QAT is specifically designed to recover accuracy for the inference stage, so there is no need to quantize gradients. With gradients remaining in full precision, the two backward GEMMs—Wgrad and Dgrad—are computed in high precision rather than low precision. As in native quantized training, FP32 master weights are maintained to ensure stable convergence.
Fakequant is a common feature in QAT, though it is not strictly tied with QAT. In reality, QAT can also employ real quantization. Fakequant refers to representing and computing low-precision values using high-precision formats—for example, storing int8 values in fp32. This approach sacrifices speed for compatibility, allowing the same kernels to be used across different GPUs and enabling low-precision emulation regardless of hardware support (see the table below).
| GPU generation | Native precisions |
|---|---|
| Volta, Turing | Int4, Int8, FP16 |
| Ampere | Int4, Int8, BF16, FP16 |
| Hopper, Ada Lovelace | Int8, FP8, BF16, FP16 |
| Blackwell | MXFP4, NVFP4, Int8, FP8, MXFP8, etc |
QAT optimizations primarily focus on training data, loss functions, and the design of quantized forward and backward passes, as QAT is less constrained by training speed. Some optimizations, such as stochastic rounding, are shared between QAT and native quantized training. Notable QAT methods include LSQ, QKD, and Data-free LLM-QAT.
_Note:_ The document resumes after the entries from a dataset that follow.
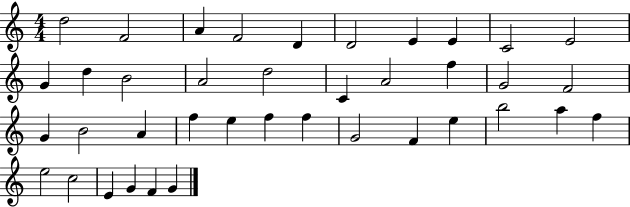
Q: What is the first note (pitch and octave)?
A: D5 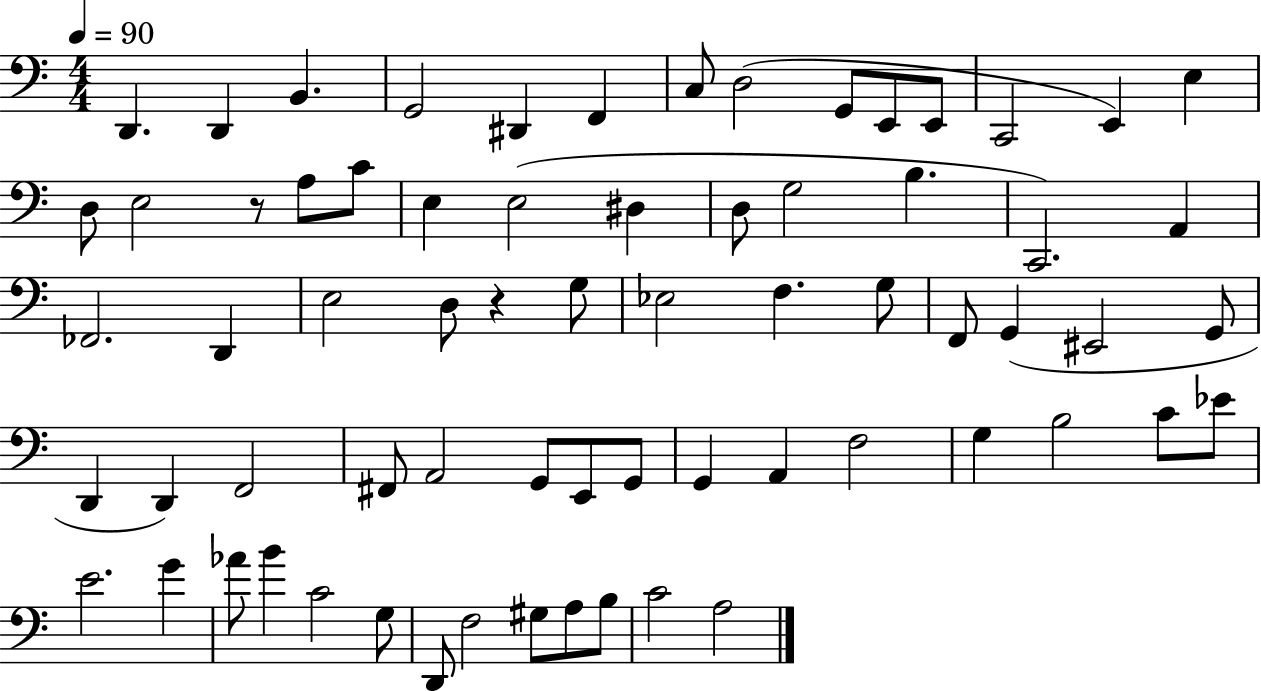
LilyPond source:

{
  \clef bass
  \numericTimeSignature
  \time 4/4
  \key c \major
  \tempo 4 = 90
  \repeat volta 2 { d,4. d,4 b,4. | g,2 dis,4 f,4 | c8 d2( g,8 e,8 e,8 | c,2 e,4) e4 | \break d8 e2 r8 a8 c'8 | e4 e2( dis4 | d8 g2 b4. | c,2.) a,4 | \break fes,2. d,4 | e2 d8 r4 g8 | ees2 f4. g8 | f,8 g,4( eis,2 g,8 | \break d,4 d,4) f,2 | fis,8 a,2 g,8 e,8 g,8 | g,4 a,4 f2 | g4 b2 c'8 ees'8 | \break e'2. g'4 | aes'8 b'4 c'2 g8 | d,8 f2 gis8 a8 b8 | c'2 a2 | \break } \bar "|."
}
While QAT sits at the intersection of training and inference teams, it is generally easier to manage uncertainty, define boundaries, and allocate responsibilities compared to native quantized training. From my experience, QAT has been widely adopted in leading AI labs for both cost savings and accuracy preservation.
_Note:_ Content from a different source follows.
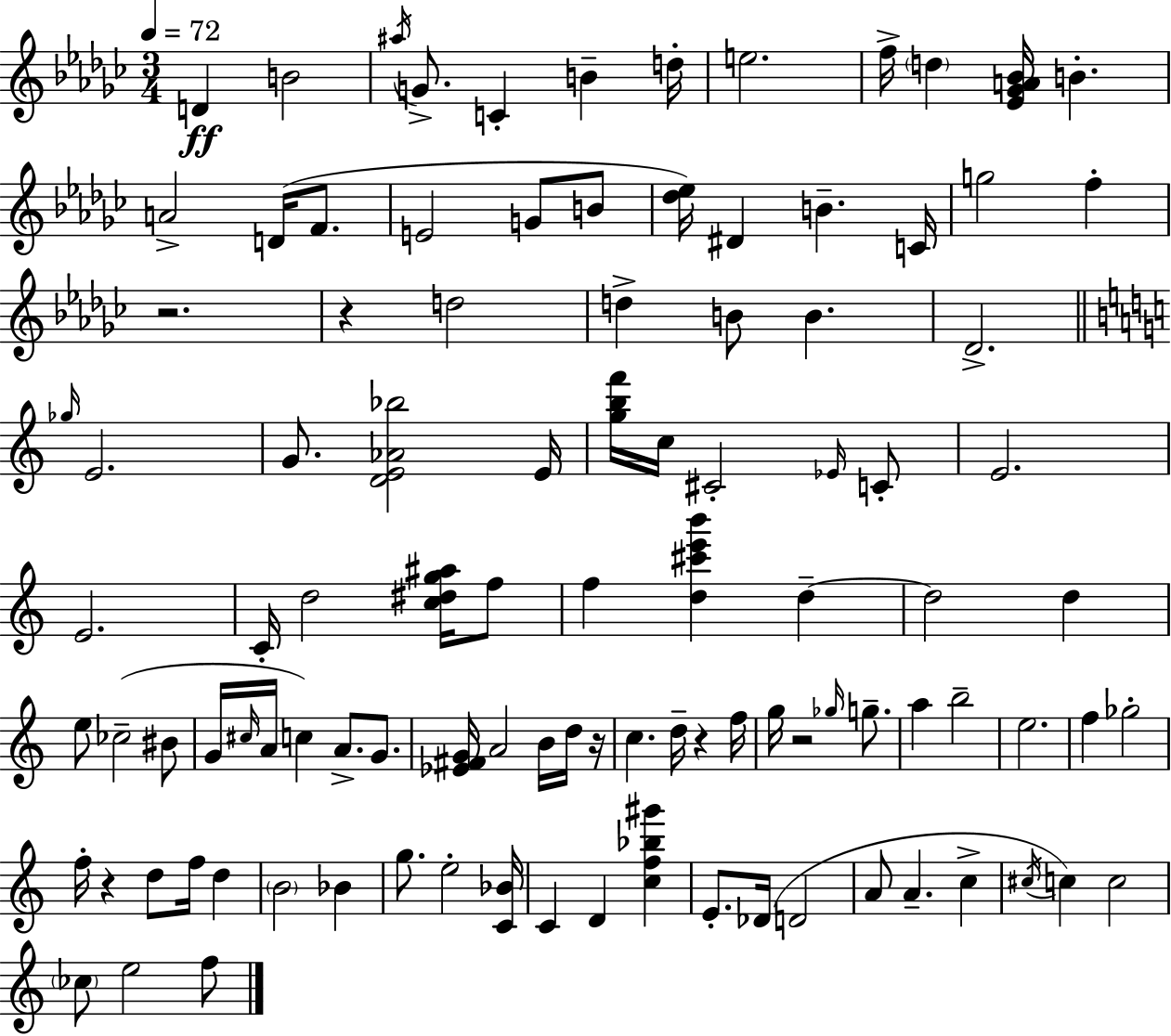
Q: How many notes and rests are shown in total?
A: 104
DeepSeek V3.1 and GPT-OSS Discussion
With the conceptual framework established above, we can now analyze the quantization approaches used in DeepSeek V3.1 and GPT-OSS.
DeepSeek V3.1 FP8 with UE8M0 scaling: Assuming DeepSeek did not have access to Blackwell GPUs, DeepSeek V3.1 was trained using native FP8 quantized training, supplemented by fakequant UE8M0 scaling factors. Again, fakequant is not exclusive to QAT. Since gradients are quantized, this approach should still be classified as native quantized training.
During FP8 quantization of weights and activations, UE8M0 scaling factors can be generated and stored as FP32 values. Because these scaling factors are small, this fakequant step should be extremely fast and do not impact training speed. The overall training pipeline closely resembles that of V3/R1, while at inference time, the model can take advantage of hardware with native MXFP8 support, such as Blackwell.
GPT-OSS weight-only MXFP4: Although OpenAI has not disclosed their MXFP4 quantization recipe, the fact that model activations are not quantized suggests that gradients quantization would be unnecessary. Therefore, GPT-OSS was likely quantized using QAT rather than native MXFP4 training. Moreover, native MXFP4 training would require large deployment of Blackwell GPUs, which was not quite feasible within the release timeframe of GPT-OSS.